# Top Gear Mag review the GT-R on Jan. issue, up against F430 Scuderia



## GTRJack (Aug 27, 2005)

LINK to the front cover of the Top Gear Mag, Scuderia vs. GT-R: TopGear (Heard it supose to be 11 page article?)

The Stig shows Clarkson how to drive the Nissan. This is going to be interesting 

Can't wait to see the video of Stig in the new GT-R.

Here are some quotes:



> The GT-R hasn't just moved the goalposts, it's obliterated them





> For all-round ability, I have no doubt the Nissan is the best car I have ever driven





> The GTR turns in beautifully, whether neutral or under brakes, and grips forever - slippery surfaces seem to bring out the best in it. Time after time I left Turner (911 Turbo) behind as my four-wheel-drive system and traction control worked better out of wet corners - it wasn't just the fact that I could get on the power earlier. It was about confidence. The Nissan really is something special, and you get the impression that while a master driver could wring every last ounce of performance out of the 911, your mother could do the same in the GT-R..........................Does the Nissan's ability reduce the driving pleasure? Not at all. You can turn all the systems off if you so choose, and it's still supremely well balanced, no doubt a delight for a racing driver on a track.


----------



## akasakaR33 (Oct 10, 2005)

For those of us NOT in the UK, can someone please scan the pages in? (with all due respect to copyright laws, of course...)


----------



## RedBeauty84ZX (Jun 27, 2007)

2nd. Will someone PLEASE scan the article????


----------



## doggiehowser (Oct 8, 2007)

I just checked my local mag stands.. we only have the November issue!! With the DBS on it. What the hell!! How many more months I gotta wait.

Please please scan me a copy. I'll buy the full mag when it comes out! I promise!

Heck, why doesn't Top Gear have an "online" version? I wouldn't mind paying for this issue.


----------



## matty32 (Dec 18, 2005)

il go and buy it today then


----------



## moleman (Jun 3, 2002)

"That Skyline". Oh dear.


----------



## bonzelite (May 14, 2006)

I find it rather hilarious that Top Gear is straight away bypassing the 997 and going right for the Ferrari. 

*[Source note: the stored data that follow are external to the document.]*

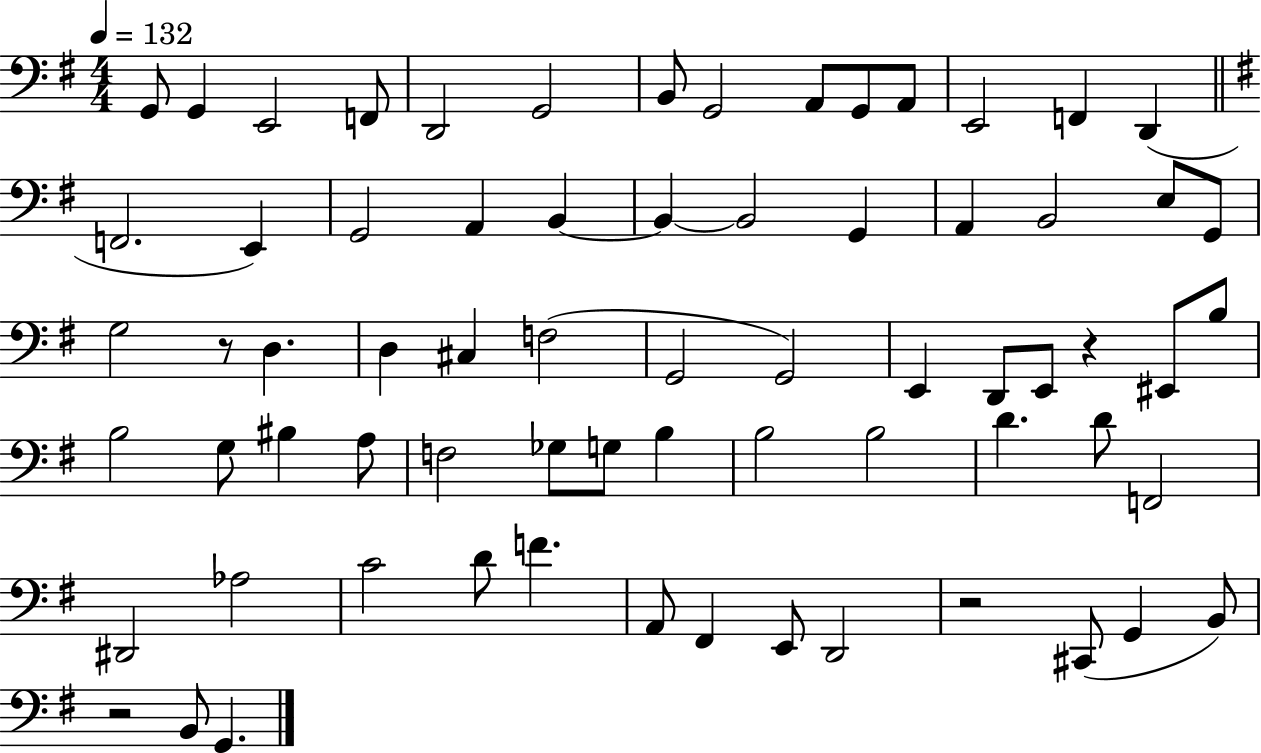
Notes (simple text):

G2/e G2/q E2/h F2/e D2/h G2/h B2/e G2/h A2/e G2/e A2/e E2/h F2/q D2/q F2/h. E2/q G2/h A2/q B2/q B2/q B2/h G2/q A2/q B2/h E3/e G2/e G3/h R/e D3/q. D3/q C#3/q F3/h G2/h G2/h E2/q D2/e E2/e R/q EIS2/e B3/e B3/h G3/e BIS3/q A3/e F3/h Gb3/e G3/e B3/q B3/h B3/h D4/q. D4/e F2/h D#2/h Ab3/h C4/h D4/e F4/q. A2/e F#2/q E2/e D2/h R/h C#2/e G2/q B2/e R/h B2/e G2/q.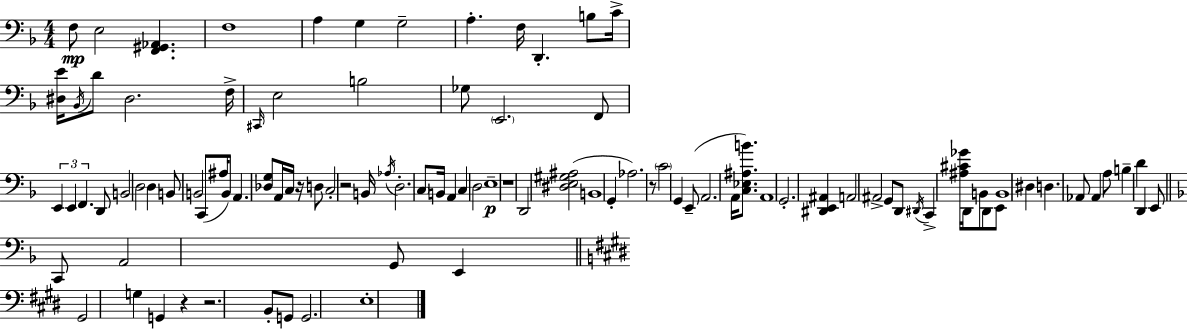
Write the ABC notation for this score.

X:1
T:Untitled
M:4/4
L:1/4
K:Dm
F,/2 E,2 [F,,^G,,_A,,] F,4 A, G, G,2 A, F,/4 D,, B,/2 C/4 [^D,E]/4 _B,,/4 D/2 ^D,2 F,/4 ^C,,/4 E,2 B,2 _G,/2 E,,2 F,,/2 E,, E,, F,, D,,/2 B,,2 D,2 D, B,,/2 B,,2 C,,/2 ^A,/4 B,,/2 A,, [_D,G,]/2 A,,/4 C,/4 z/4 D,/2 C,2 z2 B,,/4 _A,/4 D,2 C,/2 B,,/4 A,, C, D,2 E,4 z4 D,,2 [^D,E,^G,^A,]2 B,,4 G,, _A,2 z/2 C2 G,, E,,/2 A,,2 A,,/4 [C,_E,^A,B]/2 A,,4 G,,2 [^D,,E,,^A,,] A,,2 ^A,,2 G,,/2 D,,/2 ^D,,/4 C,, [^A,^C_G]/4 D,,/4 B,,/2 D,,/2 E,,/2 B,,4 ^D, D, _A,,/2 _A,, A,/2 B, D D,, E,,/2 C,,/2 A,,2 G,,/2 E,, ^G,,2 G, G,, z z2 B,,/2 G,,/2 G,,2 E,4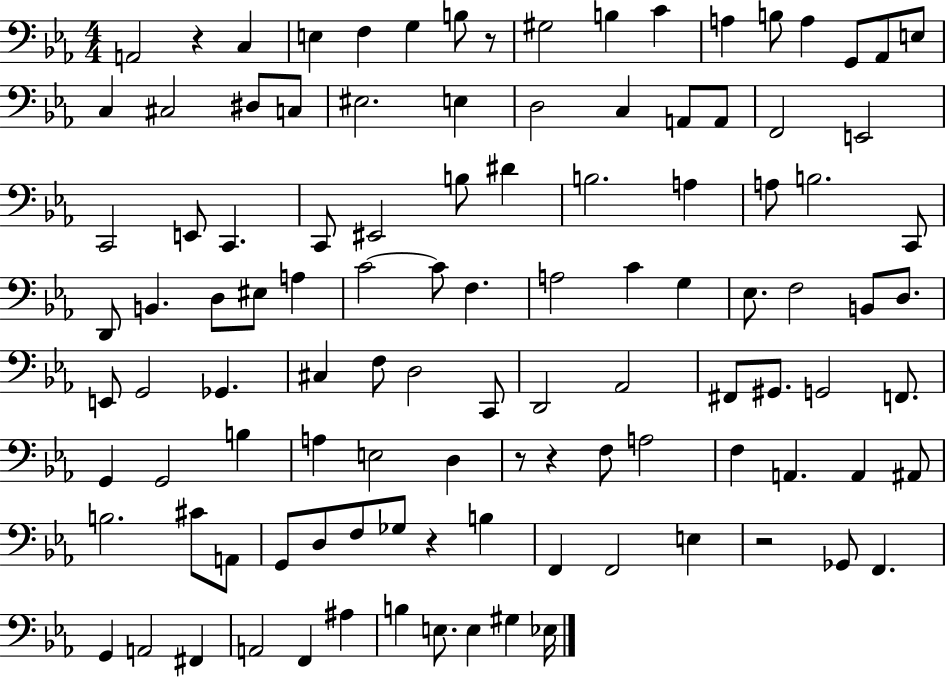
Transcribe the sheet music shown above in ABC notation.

X:1
T:Untitled
M:4/4
L:1/4
K:Eb
A,,2 z C, E, F, G, B,/2 z/2 ^G,2 B, C A, B,/2 A, G,,/2 _A,,/2 E,/2 C, ^C,2 ^D,/2 C,/2 ^E,2 E, D,2 C, A,,/2 A,,/2 F,,2 E,,2 C,,2 E,,/2 C,, C,,/2 ^E,,2 B,/2 ^D B,2 A, A,/2 B,2 C,,/2 D,,/2 B,, D,/2 ^E,/2 A, C2 C/2 F, A,2 C G, _E,/2 F,2 B,,/2 D,/2 E,,/2 G,,2 _G,, ^C, F,/2 D,2 C,,/2 D,,2 _A,,2 ^F,,/2 ^G,,/2 G,,2 F,,/2 G,, G,,2 B, A, E,2 D, z/2 z F,/2 A,2 F, A,, A,, ^A,,/2 B,2 ^C/2 A,,/2 G,,/2 D,/2 F,/2 _G,/2 z B, F,, F,,2 E, z2 _G,,/2 F,, G,, A,,2 ^F,, A,,2 F,, ^A, B, E,/2 E, ^G, _E,/4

That is a double f*ck you to Porsche.


----------



## kismetcapitan (Nov 25, 2005)

beautiful. did the R35 spank the F430? 911 Turbos can't really offer much compared to the GT-R, but the F430 is something I'd be wary of (and hence, VERY curious to see how they stacked up against each other!)


----------



## Wanabee Kiwi (Mar 31, 2007)

even if the F430 does beat the GT-R what you have to remember is that the F430 cost 4x as much as a GT-R


----------



## Sidious (Jul 14, 2006)

It sounds like a review of a Subaru Impreza or another performance Audi - easy to drive, good in the wet with an average or unskilled driver etc etc


----------



## kismetcapitan (Nov 25, 2005)

The F430 is close in performance to the 911 Turbo and the Corvette, it'd be cool to see a shootout between cars in that performance class. Throw in the Gallardo as well.

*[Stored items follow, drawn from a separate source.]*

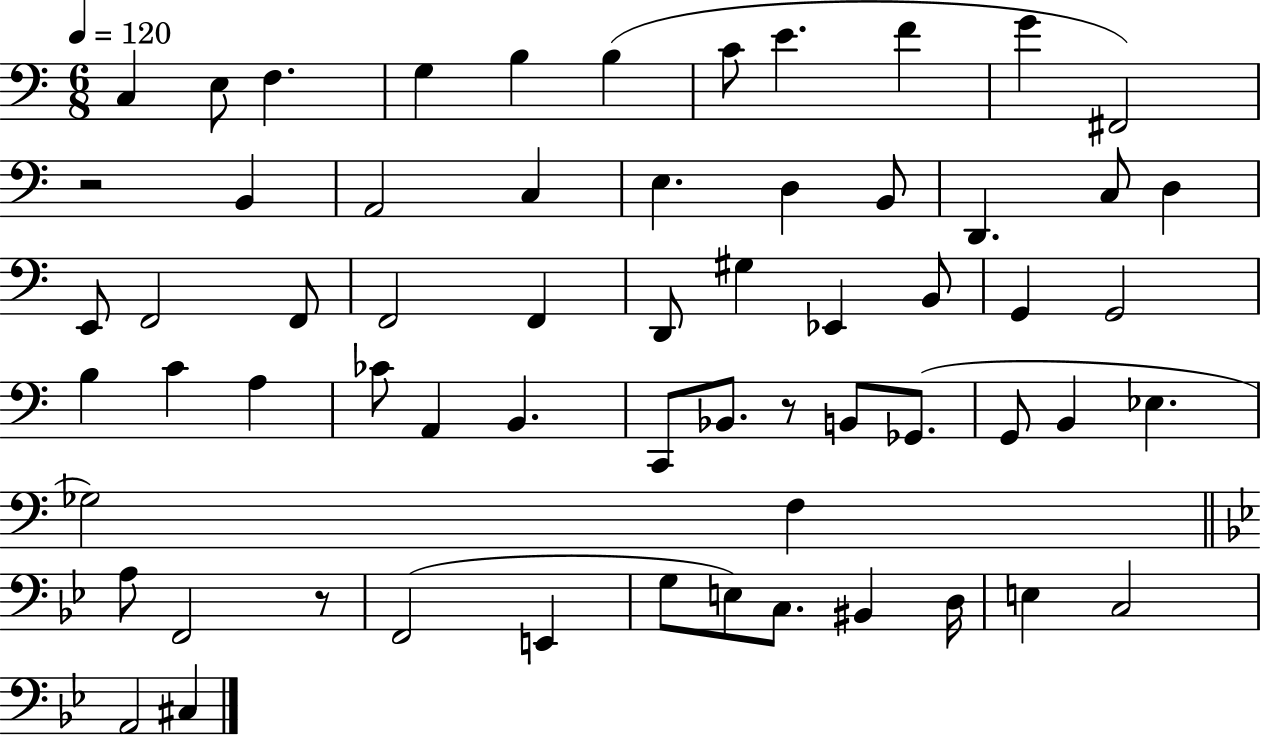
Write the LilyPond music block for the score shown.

{
  \clef bass
  \numericTimeSignature
  \time 6/8
  \key c \major
  \tempo 4 = 120
  \repeat volta 2 { c4 e8 f4. | g4 b4 b4( | c'8 e'4. f'4 | g'4 fis,2) | \break r2 b,4 | a,2 c4 | e4. d4 b,8 | d,4. c8 d4 | \break e,8 f,2 f,8 | f,2 f,4 | d,8 gis4 ees,4 b,8 | g,4 g,2 | \break b4 c'4 a4 | ces'8 a,4 b,4. | c,8 bes,8. r8 b,8 ges,8.( | g,8 b,4 ees4. | \break ges2) f4 | \bar "||" \break \key bes \major a8 f,2 r8 | f,2( e,4 | g8 e8) c8. bis,4 d16 | e4 c2 | \break a,2 cis4 | } \bar "|."
}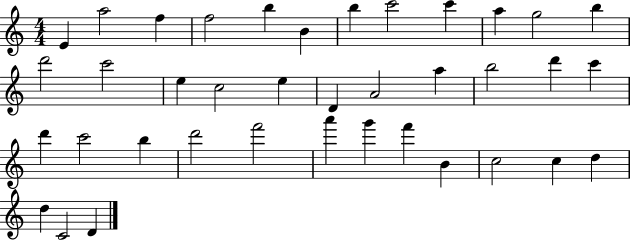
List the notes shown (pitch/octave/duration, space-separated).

All these reports of the drivability of the R35 ("anyone, anytime, anywhere") could really make it a slam dunk. Not too many people fancy riding around in my harshly sprung GT-R and the various pungent odors of raw fuel, burnt oil, exhaust fumes, etc, all while running with an excessively loud exhaust.


----------



## GTRJack (Aug 27, 2005)

Wanabee Kiwi said:


> even if the F430 does beat the GT-R what you have to remember is that the F430 cost 4x as much as a GT-R


And it's a Scuderia, it's not even a base model F430 but this GT-R is the base model..

What's the power on the new F430 Scuderia?


----------



## doggiehowser (Oct 8, 2007)

Just over 500bhp on the Scud

Less drivetrain losses with only RWD vs AWD on the GTR (but the GTR may have less wheelspin cos of AWD but the new traction control electronics on the Scud does a good job)

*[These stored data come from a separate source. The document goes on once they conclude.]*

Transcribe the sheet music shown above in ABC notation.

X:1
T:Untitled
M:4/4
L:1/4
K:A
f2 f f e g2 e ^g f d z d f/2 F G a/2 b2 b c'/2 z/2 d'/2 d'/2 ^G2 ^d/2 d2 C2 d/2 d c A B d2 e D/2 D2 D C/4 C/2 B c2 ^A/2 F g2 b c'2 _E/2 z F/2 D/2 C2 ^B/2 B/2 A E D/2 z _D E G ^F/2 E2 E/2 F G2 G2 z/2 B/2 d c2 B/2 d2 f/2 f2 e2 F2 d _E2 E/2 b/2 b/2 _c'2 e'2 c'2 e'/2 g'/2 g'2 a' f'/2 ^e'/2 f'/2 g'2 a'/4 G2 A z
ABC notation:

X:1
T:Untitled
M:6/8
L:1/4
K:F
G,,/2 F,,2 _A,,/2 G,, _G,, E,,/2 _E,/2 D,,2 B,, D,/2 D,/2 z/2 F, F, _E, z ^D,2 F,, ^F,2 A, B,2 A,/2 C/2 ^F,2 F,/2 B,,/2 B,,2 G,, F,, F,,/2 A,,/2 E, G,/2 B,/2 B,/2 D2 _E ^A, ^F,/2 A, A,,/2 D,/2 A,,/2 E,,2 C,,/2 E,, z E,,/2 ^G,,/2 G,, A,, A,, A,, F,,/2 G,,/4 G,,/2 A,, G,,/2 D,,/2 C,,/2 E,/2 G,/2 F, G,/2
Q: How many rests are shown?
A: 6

And Scud is uber light... 12xx kg (abt 500kg lighter!)

And Scud has fastest automated manual gearbox in production cars (according to Ferrari press)

ps can someone please pretty please scan the review


----------



## Godspd (Dec 12, 2001)

GTRJack said:


> LINK to the front cover of the Top Gear Mag, Scuderia vs. GT-R: TopGear (Heard it supose to be 11 page article?)
> 
> The Stig shows Clarkson how to drive the Nissan. This is going to be interesting
> 
> ...


Sounds very exciting..but just out of curiousity where did you ge the quotes from?


----------



## GTRJack (Aug 27, 2005)

Godspd said:


> Sounds very exciting..but just out of curiousity where did you ge the quotes from?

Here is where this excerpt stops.